Climate change is no doubt the most high-profile public policy issue nowadays. The public’s concern about climate change has spiked and shows no sign of waning down. Its effect has made its way to banking corridors.
Move to Recycled PVC Plastic Cards
HSBC rolled out a new program that aims to phase out single-use PVC plastic payment cards and pave way for recycled PVC plastic (rPVC) by the end of 2026 in all of its global locations.
This initiative- which encompasses HSBC’s commercial, debit, and credit cards- is in line with the bank’s plan to cut on its carbon emissions and attain net zero in its supply chain and operations by 2030 or sooner.
Collaborating with IDEMIA, the global card manufacturer, they will roll out the new cards little by little in all of their locations.

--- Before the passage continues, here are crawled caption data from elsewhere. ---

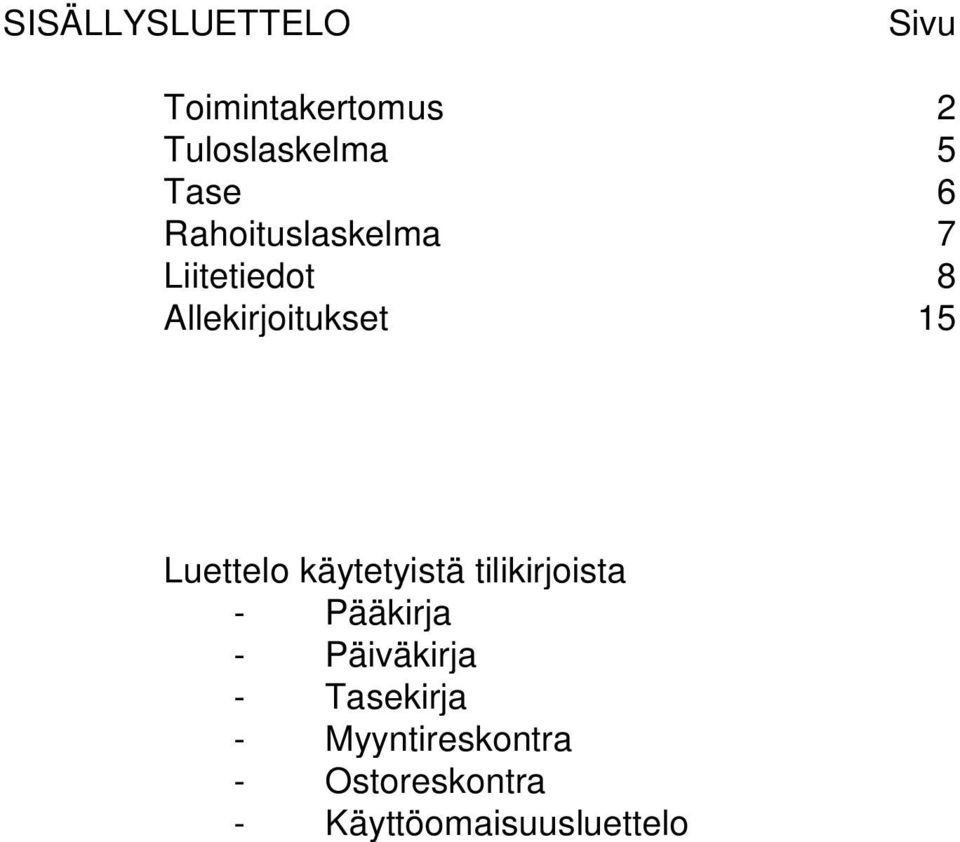Luettelo käytetyistä tilikirjoista - Pääkirja - Päiväkirja -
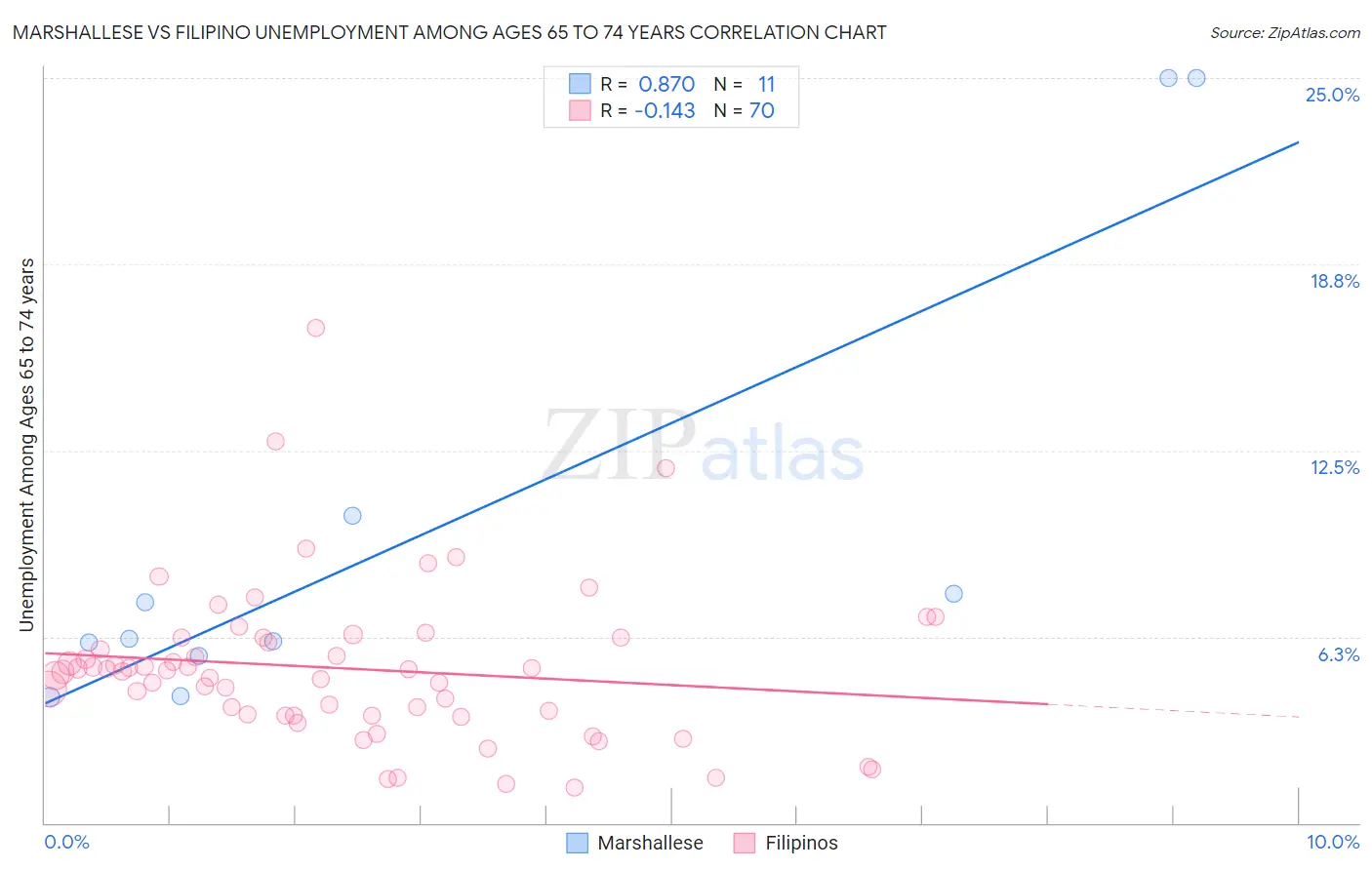 Marshallese vs Filipino Unemployment Among Ages 65 to 74 years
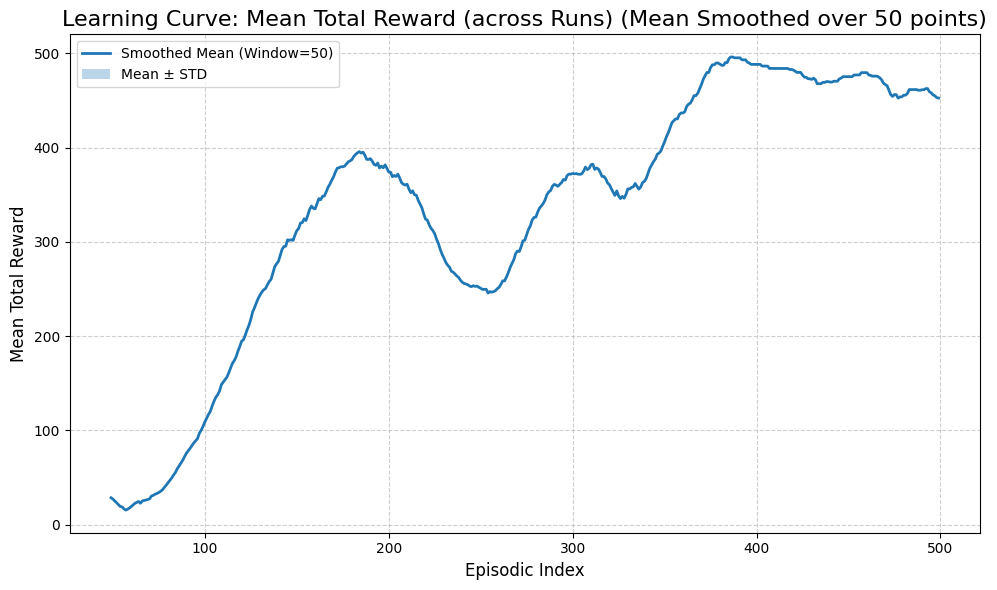 ../_images/examples_dqn_pytorch_cartPole_4_0.png
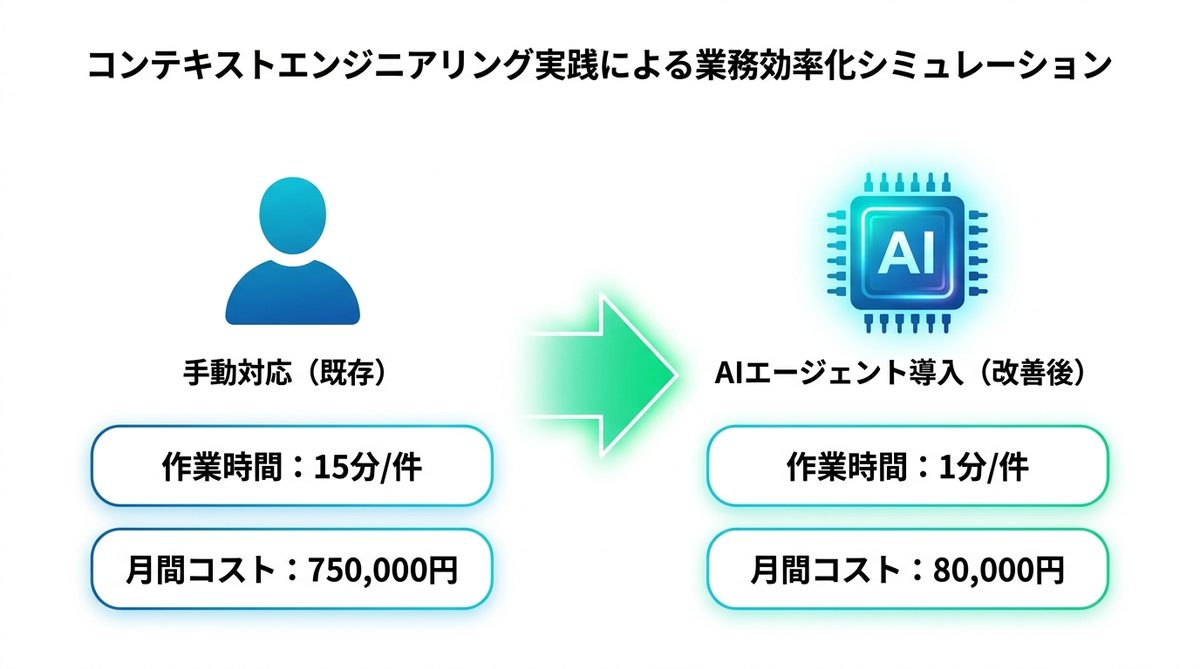 図解：コンテキストエンジニアリング実践による業務効率化シミュレーション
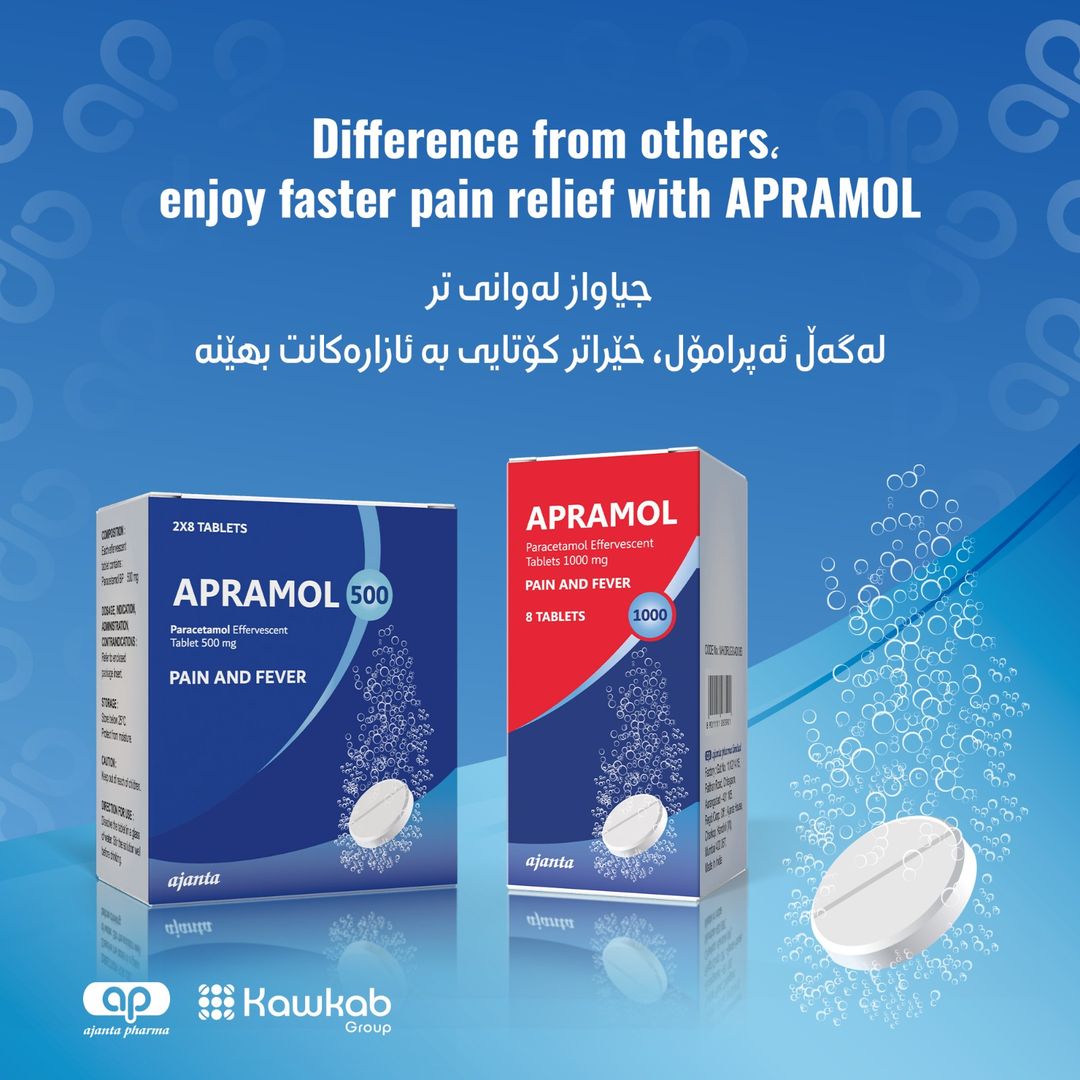 Apramol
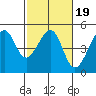 Tide chart for San Francisco Bar, California on 2022/02/19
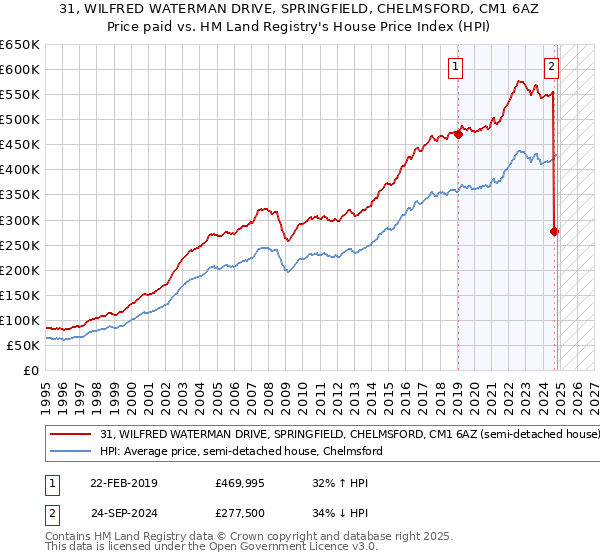 31, WILFRED WATERMAN DRIVE, SPRINGFIELD, CHELMSFORD, CM1 6AZ: Price paid vs HM Land Registry's House Price Index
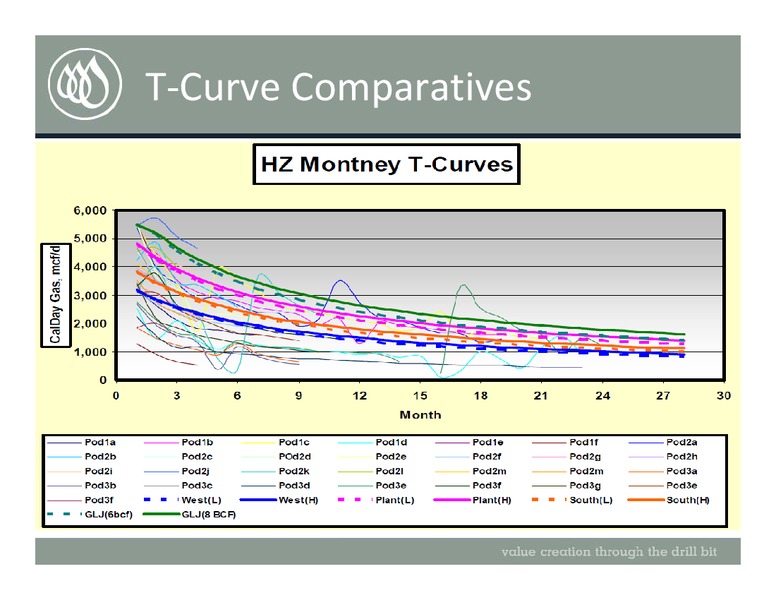 JULY 2010 INVESTOR PRESENTATION – Pengrowth Energy Corp – slide 26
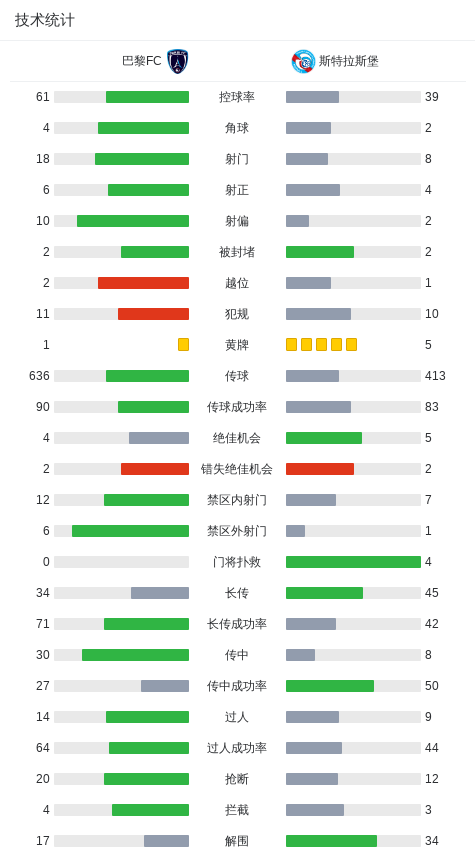杜埃破门, net, 黎FC
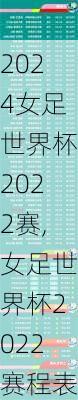 女足世界杯2022赛,女足世界杯2022赛程表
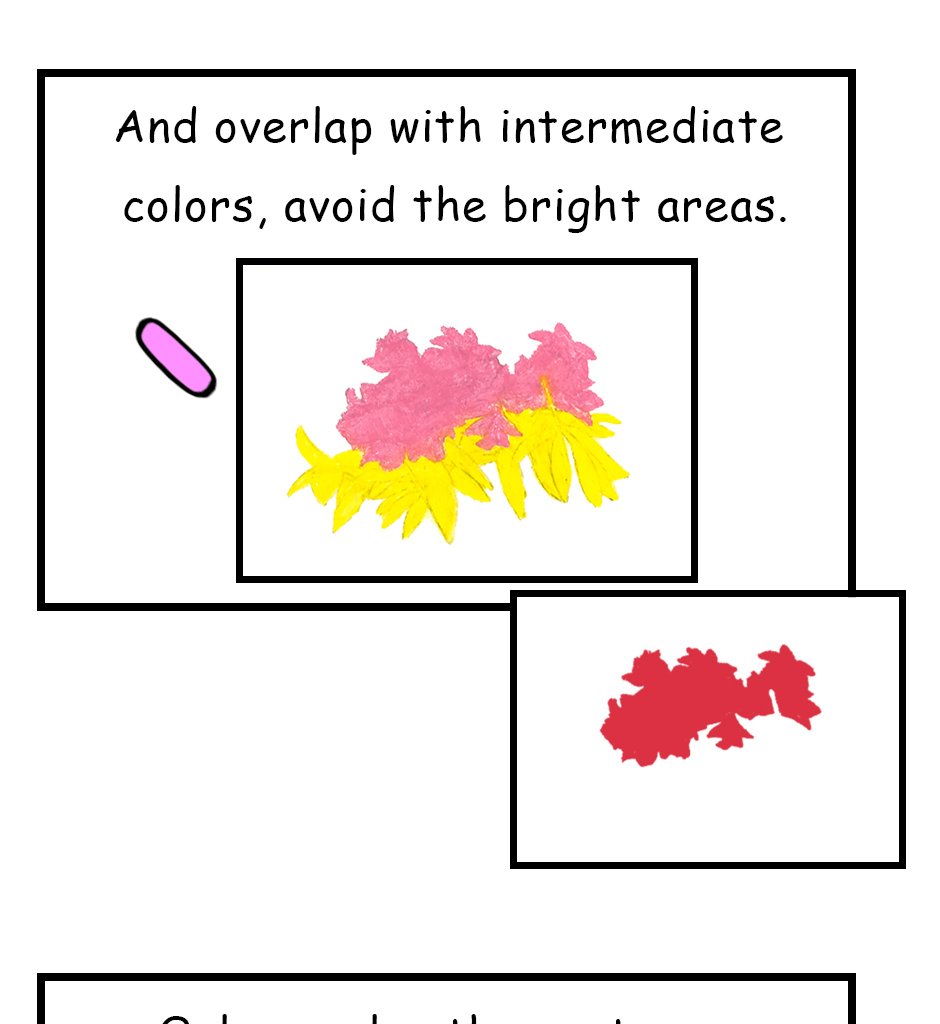 Mikesaka Art Class (◆Episodes are about art methods.) - Episode 12, Page 4: ◆Never Layer All Colors Everywhere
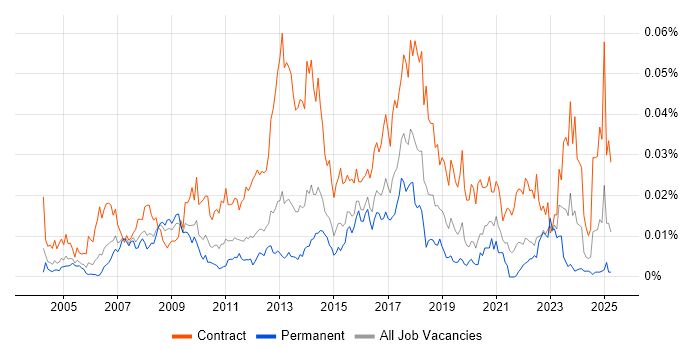 Job vacancy trend for SAP Data Analyst in England Job vacancy trend for SAP Data Analyst in England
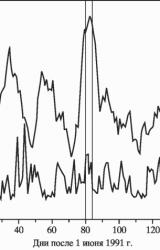 Книга В защиту науки
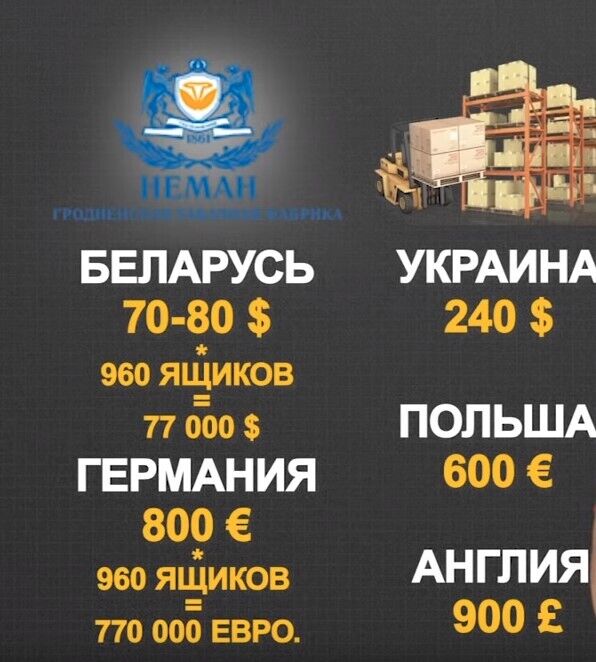 Вклавши 77 тисяч доларів, контрабандисти можуть отримати 770 тисяч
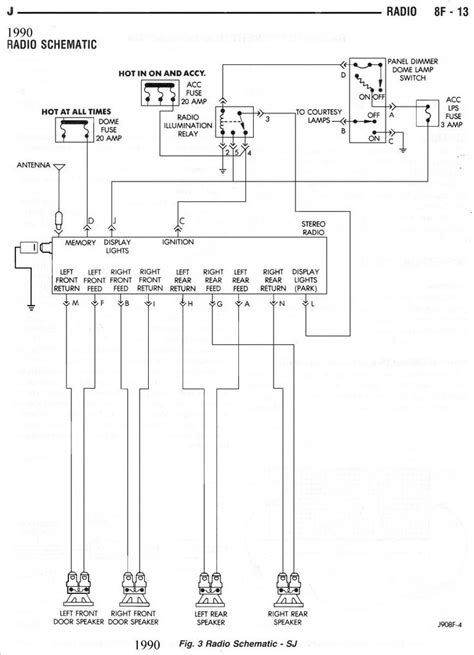 1998 Jeep Cherokee Radio Wiring Diagram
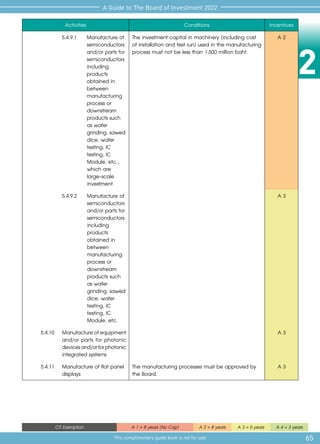 2
65
A Guide to The Board of Investment 2022
This complimentary guide book is not for sale
CIT Exemption A 1 = 8 years (No Cap) A 2 = 8 years A 3 = 5 years A 4 = 3 years
Activities Conditions Incentives
	 5.4.9.1	 Manufacture of 	
	 semiconductors 	
	 and/or parts for	
	 semiconductors 	
	 including 		
	 products 		
	 obtained in 	
	 between 		
	 manufacturing 	
	 process or 	
	 downstream 	
	 products such 	
	 as wafer 		
	 grinding, sawed	
	 dice, wafer 	
	 testing, IC 	
	 testing, IC 	
	 Module, etc., 	
	 which are 	
	 large-scale 	
	investment
The investment capital in machinery (including cost
of installation and test run) used in the manufacturing
process must not be less than 1,500 million baht.
A 2
	 5.4.9.2	 Manufacture of 	
	 semiconductors 	
	 and/or parts for	
	 semiconductors 	
	 including 		
	 products 		
	 obtained in 	
	 between 		
	 manufacturing 	
	 process or 	
	 downstream 	
	 products such 	
	 as wafer 		
	 grinding, sawed	
	 dice, wafer 	
	 testing, IC 	
	 testing, IC 	
	 Module, etc.
A 3
5.4.10	 Manufactureofequipment
	 and/or parts for photonic
devicesand/orforphotonic
	 integrated systems
A 3
5.4.11	 Manufacture of flat panel
displays
The manufacturing processes must be approved by
the Board.
A 3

Rollout kicked off in Malaysia in January 2021 and will carry on in Sri Lanka in April; then by the UK in the summer. It will continue across more countries and markets by the close of 2021, such as Australia, Indonesia, Singapore, Canada, Macau, the US, Mexico, and the UAE.
Effect on Plastic Waste
As of now, HSBC issues 23 million cards annually. The bank believes that the migration to rPVC will cut CO2 emissions by 161 tons yearly. Additionally, each card will bring down plastic waste- 73 tons every year, equal to the weight of more than 40 cars.
Richard Harvey, HSBC’s group head of retail banking, states: “This is another step as we move towards a net-zero business, to help the bank and our customers make a positive impact on the environment.”
“We look forward to working with HSBC as it migrates its card portfolio worldwide to rPVC,” stated IDEMIA’s Executive Vice-President for Financial Institutions Amanda Gourbault. “Manufactured from waste materials, rPVC cards significantly reduce plastic waste, which is one of the most pressing problems of our world.”
The recyclable cards are part of HSBC’s ambitious plan to give precedence to financing and investment that reinforces the migration to a net-zero global economy- and aids to set up a thriving, resilient future for businesses and society.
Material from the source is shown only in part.